Judging Crimes is a blog about criminal law, violent crime and the judiciary, dedicated to making the liberal case for greater democratic control of the criminal justice system.  It's a "view from the trenches" because it's written by a practitioner, not an academic or journalist.  It examines the changing role of the judiciary in American society by looking at what judges actually do, rather than what they say.  I know what they do because I deal with the consequences every day. 

Opinions issued by judges, from Supreme Court justices on down, are justifications for the exercise of governmental power.  But it is the exercise of power itself that should command our attention, not the justifications.  Judging Crimes is concerned with the reality of judicial power rather than the verbal formulas used to defend it. 
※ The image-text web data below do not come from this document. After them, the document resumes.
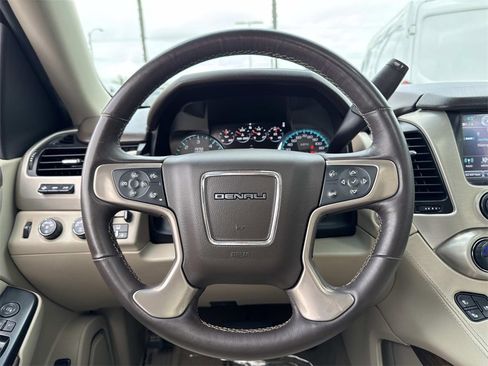 Used 2018 GMC Yukon Denali w/ Denali Ultimate Package image 8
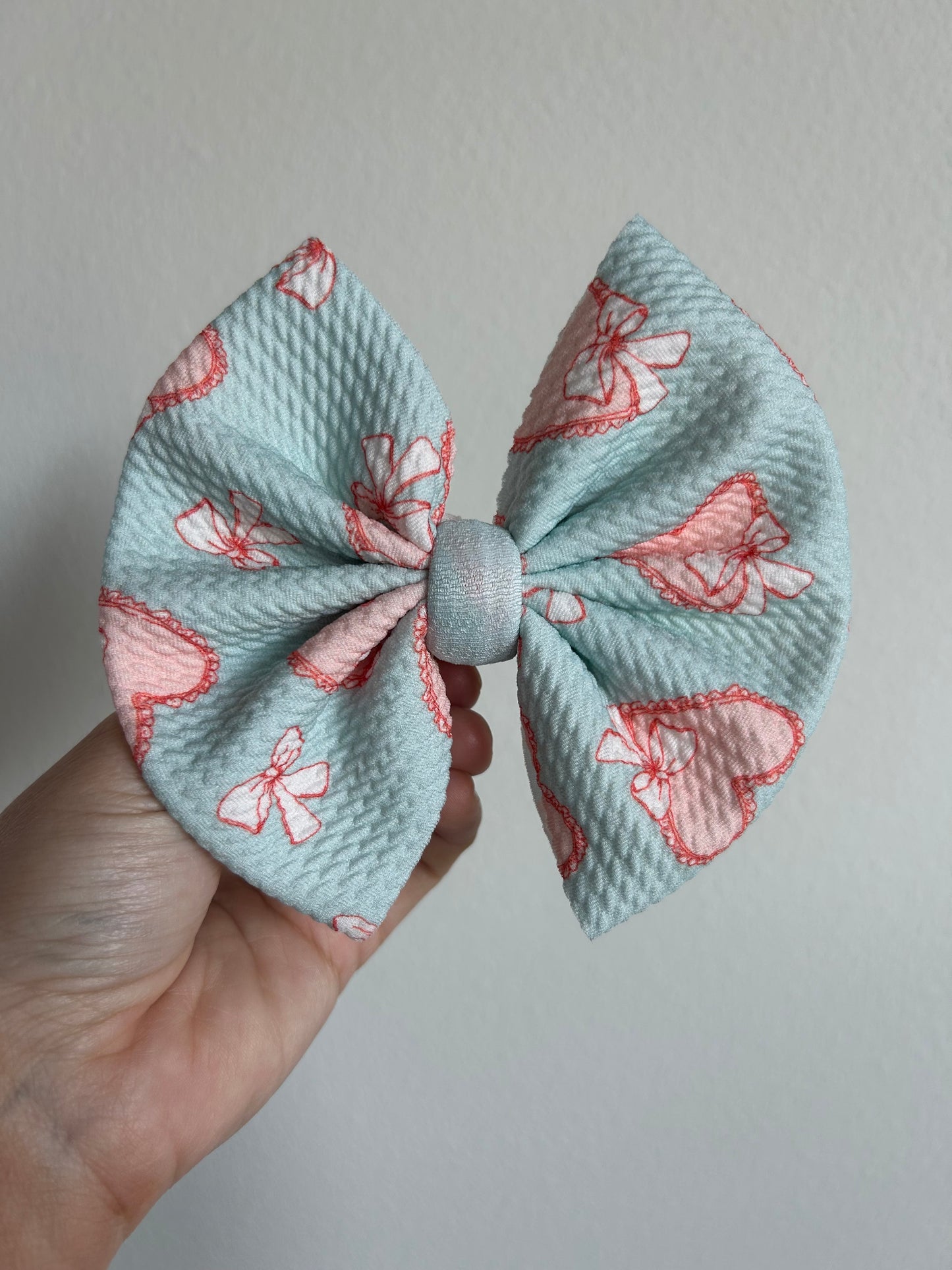 BIG CLIP BOW - HEARTS & BOWS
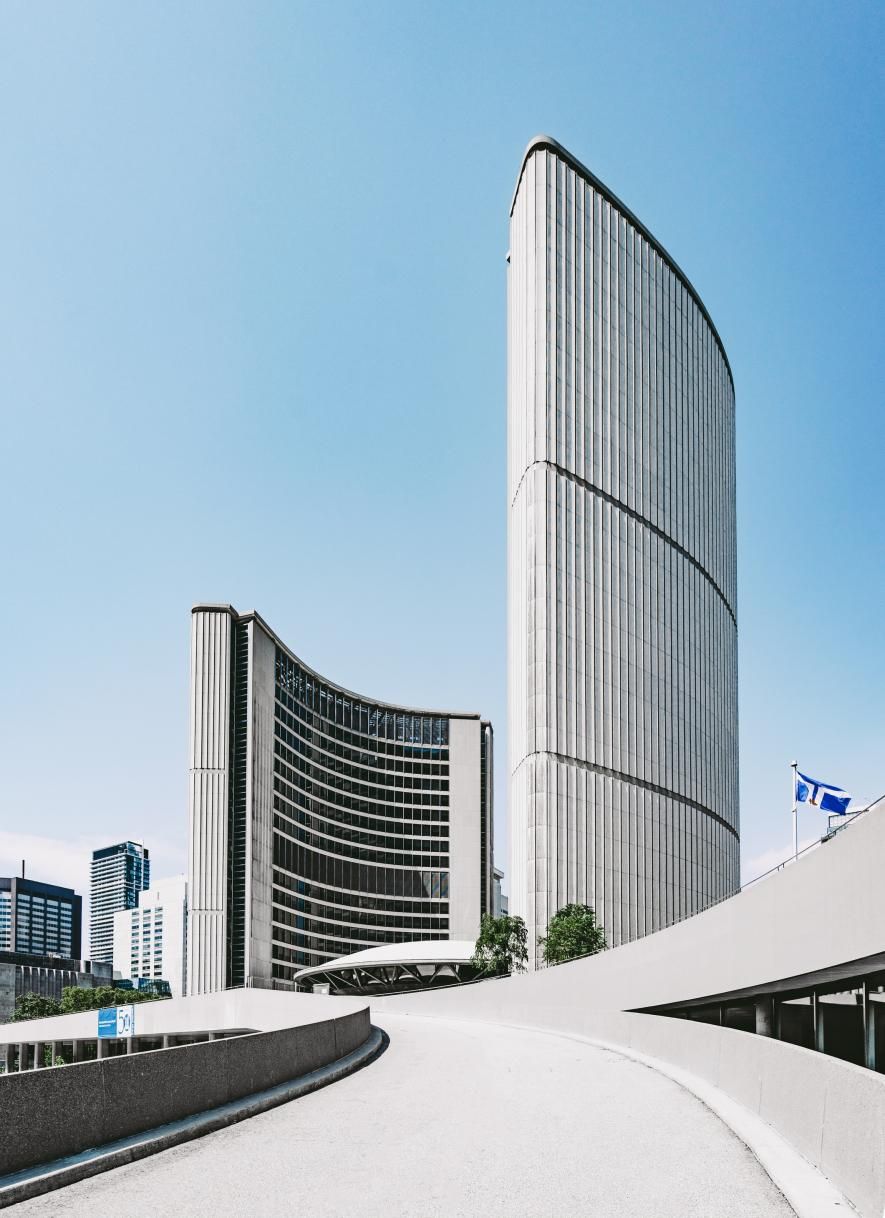 Tours de bureaux à façades courbes, vue en contre-plongée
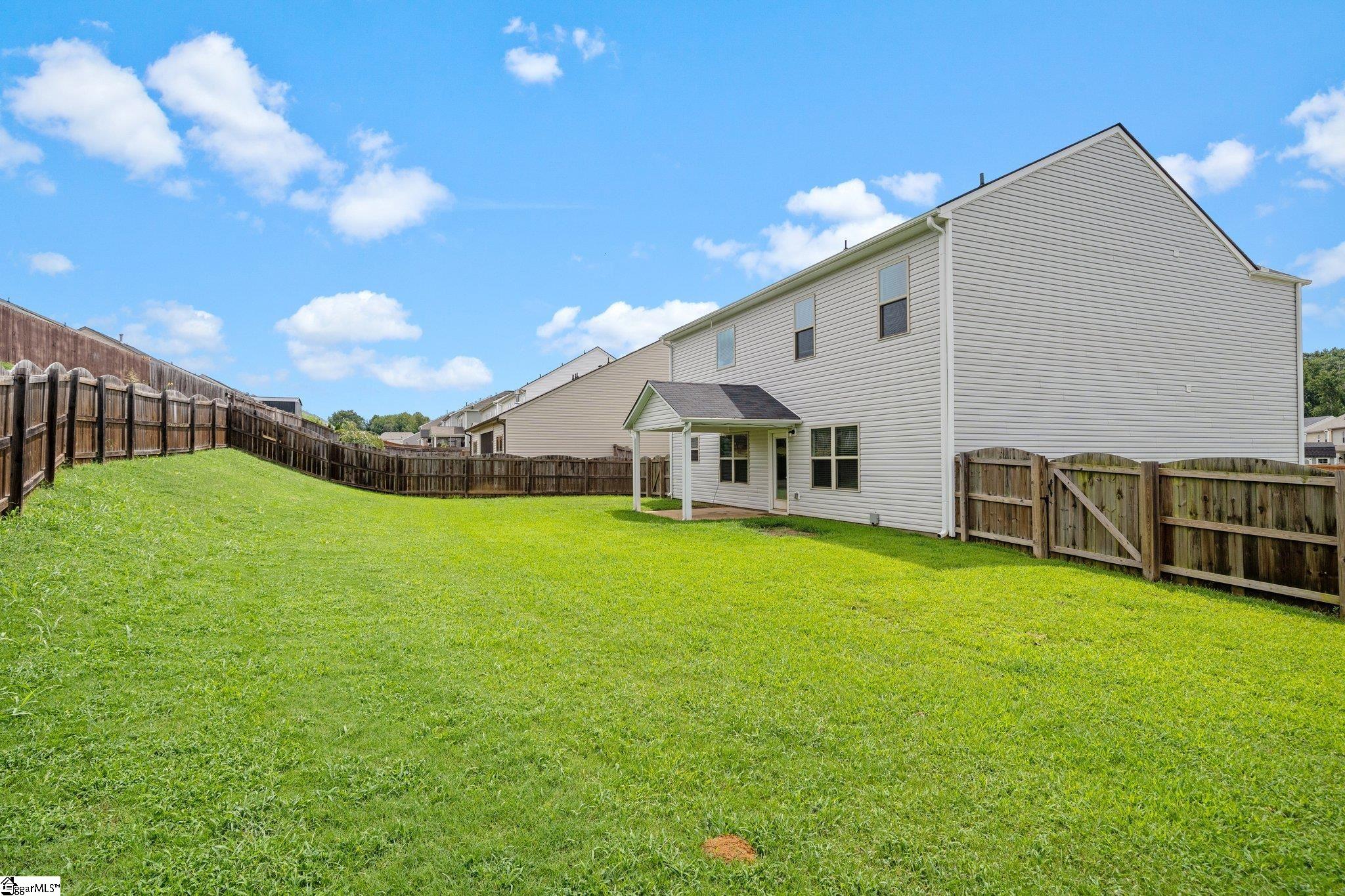 458 Wolfbend Road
American law professors have long liked to say they teach their students "to think like a lawyer."  Learning to think that way is a matter of internalizing certain assumptions.  The practice of judging is likewise based on a foundation of shared assumptions, among them that the United States Constitution -- a document of 8,335 words, the length of a book chapter -- provides an answer to every question.  Rather like a Ouija board.

These assumptions are so ingrained -- and their internalization is so necessary to the successful practice of law -- that most people who subscribe to them aren't even aware of having done so.  Judging Crimes will try to engage not just with the expressions of judicial power, but with the assumptions on which those expressions  rest.  

Judging Crimes won't be filled with daily entries commenting on the day's events or provide a best-of-the-web welter of links.  Many other blogs already do that, far better than I could hope to do.  (Check out these.)  Instead, Judging Crimes will contain pieces of a length that might seem long for a blog but would be short in a serious magazine.  I hope to post new pieces several times a week.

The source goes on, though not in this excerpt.